## Import

In [15]:
import pandas as pd
import random
import os
import numpy as np

from sklearn.linear_model import LinearRegression
from sklearn.multioutput import MultiOutputRegressor


In [16]:
def seed_everything(seed):
    random.seed(seed)
    os.environ['PYTHONHASHSEED'] = str(seed)
    np.random.seed(seed)
seed_everything(42) # Seed 고정

## 정규화 함수

In [17]:
def mean_norm(df_input):# 평균정규화로 Pandas 데이터 프레임 정규화
    return df_input.apply(lambda x: (x-x.mean())/ x.std(), axis=0)
def minmax_norm(df_input):#최소-최대정규화로 Pandas 데이터 프레임 정규화
    return (df_input - df_input.min()) / ( df_input.max() - df_input.min())
def quantile_norm(df_input):#quantile 정규화로 Pandas 데이터 프레임 정규화
    sorted_df = pd.DataFrame(np.sort(df_input.values,axis=0), index=df_input.index, columns=df_input.columns)
    mean_df = sorted_df.mean(axis=1)
    mean_df.index = np.arange(1, len(mean_df) + 1)
    quantile_df =df_input.rank(method="min").stack().astype(int).map(mean_df).unstack()
    return(quantile_df)



In [18]:
from sklearn import metrics 
def lg_nrmse(gt, preds):
    # 각 Y Feature별 NRMSE 총합
    # Y_01 ~ Y_08 까지 20% 가중치 부여
    all_nrmse = []
    for idx in range(0,14): # ignore 'ID'
        rmse = metrics.mean_squared_error(gt[:,idx], preds[:,idx], squared=False)
        nrmse = rmse/np.mean(np.abs(gt[:,idx]))
        all_nrmse.append(nrmse)
    score = 1.2 * np.sum(all_nrmse[:8]) + 1.0 * np.sum(all_nrmse[8:14])
    return score

## Data Load
-평균정규화로 Pandas 데이터 프레임 정규화

In [57]:

train_df_1 = pd.read_csv('./train.csv')

In [58]:
from sklearn.model_selection import train_test_split
train_df, valid_df = train_test_split(train_df_1, train_size=0.8)

In [59]:
train_x = mean_norm(train_df.filter(regex='X')).dropna(axis=1) # Input : X Featrue
train_y = train_df.filter(regex='Y') # Output : Y Feature

valid_x = mean_norm(valid_df.filter(regex='X')).dropna(axis=1) # Input : X Featrue
valid_y = valid_df.filter(regex='Y') # Output : Y Feature

## xgb Model Fit

In [60]:
import xgboost as xgb
XGB = MultiOutputRegressor(xgb.XGBRegressor(n_estimators=100, learning_rate=0.08, gamma = 0, subsample=0.75, colsample_bytree = 1, max_depth=7)).fit(train_x, train_y)
valid_preds = XGB.predict(valid_x)
score = lg_nrmse(valid_y.values,valid_preds)

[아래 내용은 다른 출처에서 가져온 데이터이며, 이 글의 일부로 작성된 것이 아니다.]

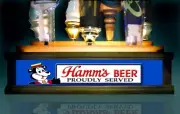 LED LIGHTED BEER TAP HANDLE Display WITH BUILT IN BAR SIGN HOLDS 7 TAPS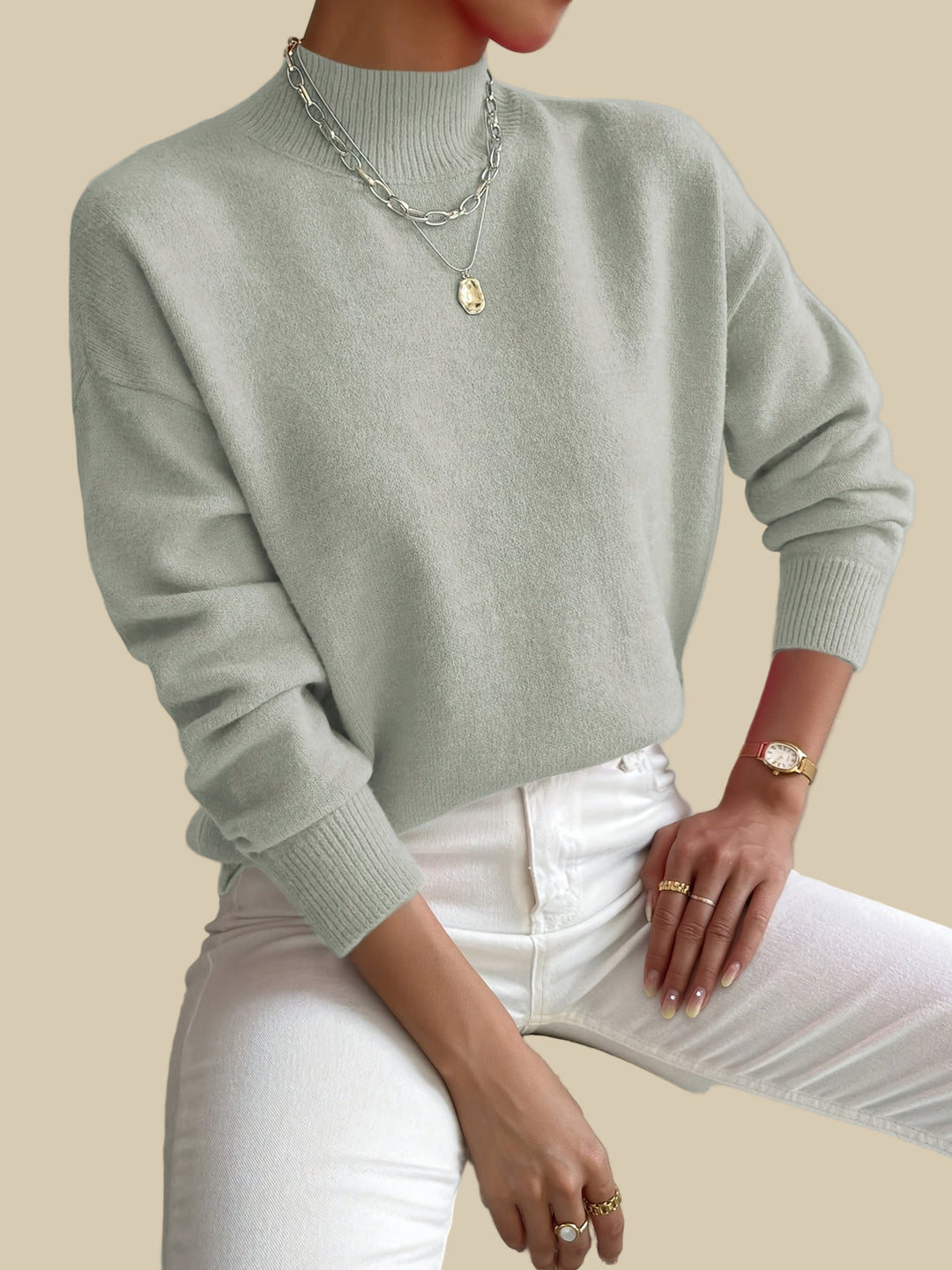 Linda - Knitted Sweater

print("------현재 모델",XGB,'-----리더보드 스코어  ',score)
print('Done.')

------현재 모델 MultiOutputRegressor(estimator=XGBRegressor(base_score=None, booster=None,
                                            callbacks=None,
                                            colsample_bylevel=None,
                                            colsample_bynode=None,
                                            colsample_bytree=1,
                                            early_stopping_rounds=None,
                                            enable_categorical=False,
                                            eval_metric=None, gamma=0,
                                            gpu_id=None, grow_policy=None,
                                            importance_type=None,
                                            interaction_constraints=None,
                                            learning_rate=0.08, max_bin=None,
                                            max_cat_to_onehot=None,
                                            max_delta_step=None, max_depth=7,
  

## Data Load
- 최소-최대정규화로 Pandas 데이터 프레임 정규화

In [61]:
train_x = minmax_norm(train_df.filter(regex='X')).dropna(axis=1) # Input : X Featrue
train_y = train_df.filter(regex='Y') # Output : Y Feature

valid_x = minmax_norm(valid_df.filter(regex='X')).dropna(axis=1) # Input : X Featrue
valid_y = valid_df.filter(regex='Y') # Output : Y Feature

## xgb Model Fit

In [62]:
import xgboost as xgb
XGB = MultiOutputRegressor(xgb.XGBRegressor(n_estimators=100, learning_rate=0.08, gamma = 0, subsample=0.75, colsample_bytree = 1, max_depth=7)).fit(train_x, train_y)
valid_preds = XGB.predict(valid_x)
score = lg_nrmse(valid_y.values,valid_preds)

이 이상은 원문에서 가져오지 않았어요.